▶ _TASK DETAILS_
Below are some records; copy each line in them that contains "para".

▶ _SOURCE DATA_
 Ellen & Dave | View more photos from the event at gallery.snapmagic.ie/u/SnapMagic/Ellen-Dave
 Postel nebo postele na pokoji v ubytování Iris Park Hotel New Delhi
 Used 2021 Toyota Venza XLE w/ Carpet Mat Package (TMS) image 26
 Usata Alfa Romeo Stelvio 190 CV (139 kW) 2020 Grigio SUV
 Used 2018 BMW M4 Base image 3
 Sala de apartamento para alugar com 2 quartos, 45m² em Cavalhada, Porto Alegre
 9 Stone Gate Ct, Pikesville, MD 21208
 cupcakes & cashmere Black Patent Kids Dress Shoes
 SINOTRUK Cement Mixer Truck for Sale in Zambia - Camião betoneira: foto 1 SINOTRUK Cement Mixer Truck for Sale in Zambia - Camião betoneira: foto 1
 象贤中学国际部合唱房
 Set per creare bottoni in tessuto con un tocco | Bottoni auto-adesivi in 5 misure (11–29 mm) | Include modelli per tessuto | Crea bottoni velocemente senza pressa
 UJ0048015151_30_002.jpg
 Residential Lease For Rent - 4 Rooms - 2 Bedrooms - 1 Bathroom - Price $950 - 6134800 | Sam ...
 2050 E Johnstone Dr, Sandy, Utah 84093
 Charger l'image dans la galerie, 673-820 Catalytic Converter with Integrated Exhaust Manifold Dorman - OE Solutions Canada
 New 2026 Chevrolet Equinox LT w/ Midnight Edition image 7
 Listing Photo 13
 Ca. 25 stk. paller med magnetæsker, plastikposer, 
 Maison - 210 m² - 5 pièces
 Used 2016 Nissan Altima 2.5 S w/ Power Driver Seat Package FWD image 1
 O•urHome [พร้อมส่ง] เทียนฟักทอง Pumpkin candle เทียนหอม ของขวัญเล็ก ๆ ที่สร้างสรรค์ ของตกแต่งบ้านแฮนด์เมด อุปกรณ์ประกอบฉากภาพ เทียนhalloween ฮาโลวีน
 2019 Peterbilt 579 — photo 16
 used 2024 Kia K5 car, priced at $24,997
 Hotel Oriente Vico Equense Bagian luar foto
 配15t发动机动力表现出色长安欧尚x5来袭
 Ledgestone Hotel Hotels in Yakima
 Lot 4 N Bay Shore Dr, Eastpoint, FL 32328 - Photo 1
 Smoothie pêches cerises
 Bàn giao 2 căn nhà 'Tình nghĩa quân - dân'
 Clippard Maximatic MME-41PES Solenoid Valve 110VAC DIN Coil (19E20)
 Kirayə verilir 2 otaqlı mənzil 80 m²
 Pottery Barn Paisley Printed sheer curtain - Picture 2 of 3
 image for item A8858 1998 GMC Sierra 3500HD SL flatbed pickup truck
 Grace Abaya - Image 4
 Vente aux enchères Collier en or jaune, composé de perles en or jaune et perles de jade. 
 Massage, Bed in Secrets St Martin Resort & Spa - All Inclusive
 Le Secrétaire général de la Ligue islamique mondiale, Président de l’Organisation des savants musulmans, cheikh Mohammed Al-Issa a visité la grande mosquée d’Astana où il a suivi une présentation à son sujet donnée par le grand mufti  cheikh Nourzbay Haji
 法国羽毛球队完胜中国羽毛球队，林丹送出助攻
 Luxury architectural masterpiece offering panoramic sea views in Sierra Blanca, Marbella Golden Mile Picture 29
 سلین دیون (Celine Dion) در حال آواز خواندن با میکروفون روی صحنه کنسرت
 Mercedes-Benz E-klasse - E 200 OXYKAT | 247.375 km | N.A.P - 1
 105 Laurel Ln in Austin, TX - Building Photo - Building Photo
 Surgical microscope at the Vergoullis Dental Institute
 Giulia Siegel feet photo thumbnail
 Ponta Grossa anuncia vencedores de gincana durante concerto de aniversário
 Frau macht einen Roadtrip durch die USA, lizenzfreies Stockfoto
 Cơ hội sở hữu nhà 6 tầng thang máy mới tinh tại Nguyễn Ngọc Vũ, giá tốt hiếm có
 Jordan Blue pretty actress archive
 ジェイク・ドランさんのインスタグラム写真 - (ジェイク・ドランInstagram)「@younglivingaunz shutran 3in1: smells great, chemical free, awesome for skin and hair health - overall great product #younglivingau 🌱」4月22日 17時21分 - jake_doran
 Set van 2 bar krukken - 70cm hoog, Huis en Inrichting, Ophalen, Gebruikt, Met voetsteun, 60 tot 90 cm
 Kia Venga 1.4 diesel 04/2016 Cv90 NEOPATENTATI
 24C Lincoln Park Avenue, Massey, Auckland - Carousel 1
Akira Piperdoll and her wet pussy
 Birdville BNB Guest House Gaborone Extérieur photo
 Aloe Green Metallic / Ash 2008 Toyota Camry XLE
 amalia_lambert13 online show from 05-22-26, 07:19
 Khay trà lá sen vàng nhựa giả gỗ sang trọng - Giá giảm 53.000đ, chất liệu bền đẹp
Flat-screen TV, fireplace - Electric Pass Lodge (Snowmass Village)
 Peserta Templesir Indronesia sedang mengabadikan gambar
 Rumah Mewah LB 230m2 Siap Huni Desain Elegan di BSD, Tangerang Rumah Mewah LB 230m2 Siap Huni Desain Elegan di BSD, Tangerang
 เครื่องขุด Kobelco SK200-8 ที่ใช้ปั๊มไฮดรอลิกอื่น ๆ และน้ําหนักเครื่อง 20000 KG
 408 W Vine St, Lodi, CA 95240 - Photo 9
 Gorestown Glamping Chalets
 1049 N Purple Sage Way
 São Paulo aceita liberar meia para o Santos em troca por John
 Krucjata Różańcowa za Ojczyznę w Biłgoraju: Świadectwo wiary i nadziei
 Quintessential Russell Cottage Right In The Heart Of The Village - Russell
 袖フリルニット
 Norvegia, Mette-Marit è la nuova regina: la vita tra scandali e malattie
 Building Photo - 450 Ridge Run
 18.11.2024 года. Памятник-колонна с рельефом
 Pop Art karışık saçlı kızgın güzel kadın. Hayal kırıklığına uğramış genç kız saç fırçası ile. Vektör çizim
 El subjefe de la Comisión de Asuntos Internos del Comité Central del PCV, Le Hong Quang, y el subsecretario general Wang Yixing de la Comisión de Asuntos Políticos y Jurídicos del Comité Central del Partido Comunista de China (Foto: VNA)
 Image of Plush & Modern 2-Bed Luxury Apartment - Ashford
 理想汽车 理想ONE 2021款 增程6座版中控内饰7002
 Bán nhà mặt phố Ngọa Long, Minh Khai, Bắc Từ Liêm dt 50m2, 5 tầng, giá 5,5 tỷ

▶ _RESPONSE_
 Sala de apartamento para alugar com 2 quartos, 45m² em Cavalhada, Porto Alegre
 São Paulo aceita liberar meia para o Santos em troca por John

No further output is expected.